The article by Frederick Chen, MD, MPH, and colleagues in this issue of Family Medicine reminds us of the importance of residency training in family medicine. 1 Their study focuses on the use of the Supplemental Offer and Acceptance Program, formerly known as the Scramble, to add residents who didn’t match in the formal matching program into open residency slots. There is a declining interest in primary care by US medical school graduates. According to the Association of American Medical Colleges, only 6% of US or Canadian medical school graduates are currently in family medicine residencies out of all of the residency slots for Accreditation Council for Graduate Medical Education approved specialties.2 The proportion of US graduates choosing family medicine has been low for many years, with family medicine residencies relying on international medical graduates to fill slots.2 In 2020-2021, among active residents, 26% of family medicine residency slots were filled by international medical graduates.

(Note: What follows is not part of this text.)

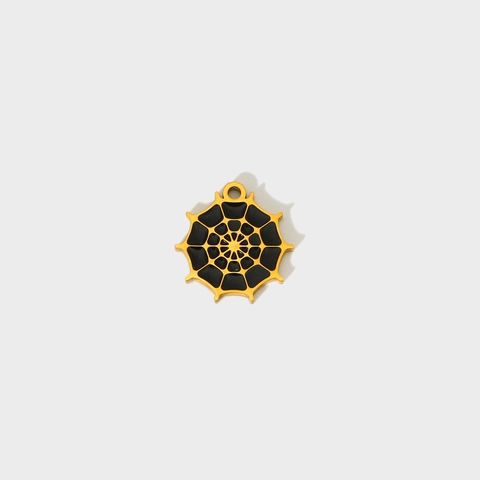 Halloween Charms Stainless Steel Enamel Pumpkin Bat Ghost Spider DIY Jewelry Making Accessories For Necklace Bracelet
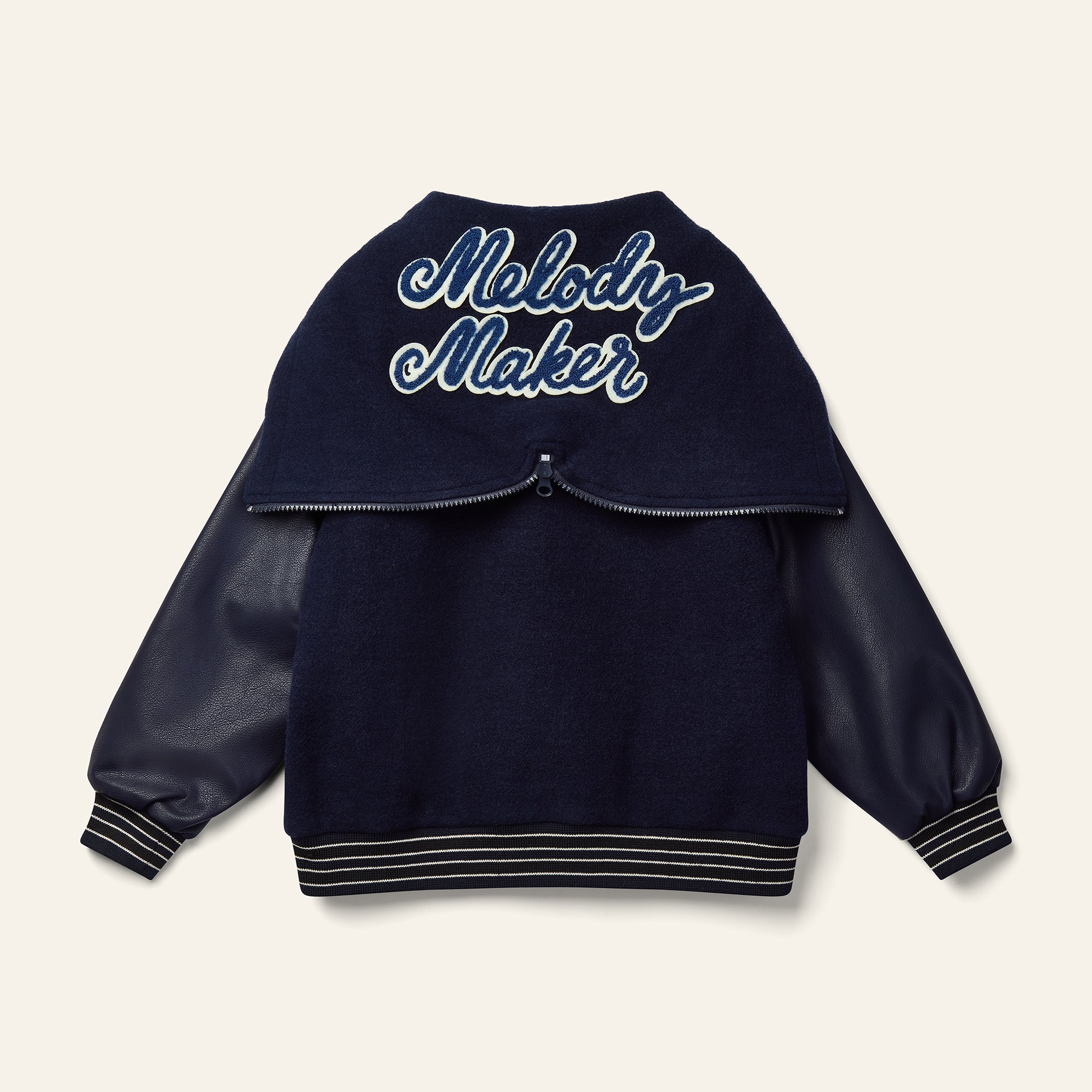 Mako Hooded Bomber - Navy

The policy position of creating more family physicians regardless of how they end up in residency slots has a relatively noble, population-based rationale.3 Based on the recommendations of the Council on Graduate Medical Education for the past 30 years, we need more family physicians.4, 5 Having a robust primary care system in the United States is a good thing because it is associated with better health outcomes and lower costs.6, 7 We need to keep the workforce pipeline filled with trainees and graduates to maintain a sufficient primary care workforce for the population of the United States. The unstated theme in the Chen et al study is that it is important to fill unfilled slots.1 It is hard to argue with a position that will provide good health for the population. Every filled slot, regardless of how it gets filled, helps with our health workforce goals, yet, it is clear that this strategy has not achieved the proportion of primary care physicians that we say we need. Is there a better way to design a strategy to meet the health workforce goals?
Unfortunately, these residency slots and the goals of filling them are not designed in a truly structured way to achieve these health policy goals. In fact, residency slots are market commodities and tools for financial gain within hospitals and health systems. The reimbursement from the Centers for Medicare and Medicaid Services (CMS) for a residency slot is between $100,000 and $120,000 while the salary for a family medicine resident is approximately $65,000. That differential between revenue and costs makes residency slots financially attractive. However, that money reaches the hospital only if the residency slot is filled. An unfilled slot does not get the direct or indirect funds.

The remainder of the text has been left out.